A tube is mounted so that its base is at height 'h' above the horizontal ground. The tank is filled with water to a depth h. A hole is punched in the side of the tank at depth y below the water surface. Then the value of y so that the range of the emerging stream would be maximum is?
A) $h$
B) $h/2$
C) $h/4$
D) $3h/4$

Answer 1

Hint: The velocity of the water coming out from the hole will increase with increasing depth. Higher the velocity of the water, the higher the range it will cover.
Formula used: In this solution, we will use the following formula:
Bernoulli’s Equation: ${P_{atm}} + \rho gh + \dfrac{1}{2}\rho {v^2} = {\text{constant}}$ where $P$ is the pressure of the water at a certain point, ${P_{atm}}$ is the atmospheric pressure, $h$ is the height of the system, and $v$ is the velocity of the water

Complete step by step answer:
The velocity of the water from the hole can be calculated from Bernoulli’s theorem. Since the water coming out of the container will experience atmospheric pressure, using Bernoulli’s theorem inside the tube and just outside the hole where the water is flowing out, we get
$\rho gy = \dfrac{1}{2}\rho {v^2}$
Solving for $v$, we get
$v = \sqrt {2gy} $
We can see that the velocity of the projectile will increase with the increasing depth of the tube. So, the maximum velocity will be at a depth of $h$.

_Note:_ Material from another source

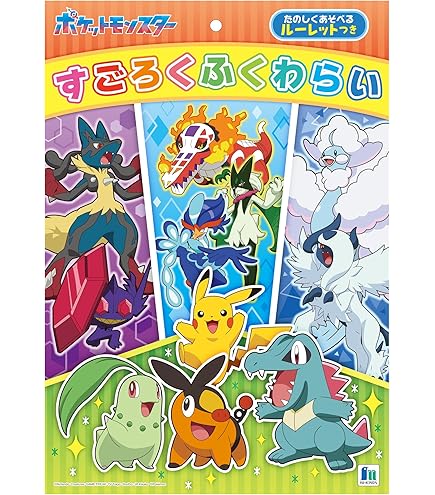Amazon | ショウワノート ポケットモンスターXY（ポケモン） ・ かるた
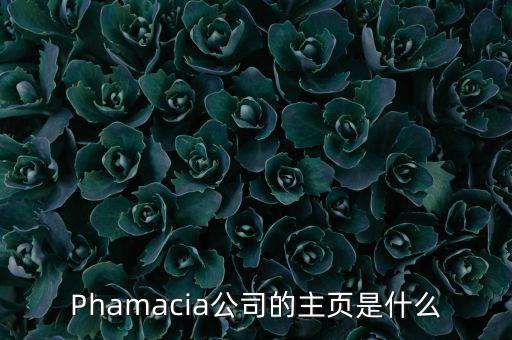 Phamacia公司的主頁是什么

Hence the correct choice is option (A).

Note: The reason for the maximum velocity of water having maximum range is because it acts as half of a projectile motion. Also, the bottom of the tube is mounted at a platform that is at a height $h$ above the ground which is also equal to the height of the tube. If the height of the tube and the platform were not equal, we would have to calculate the range of the water projectile and differentiate it with respect to height to find the depth for maximum range.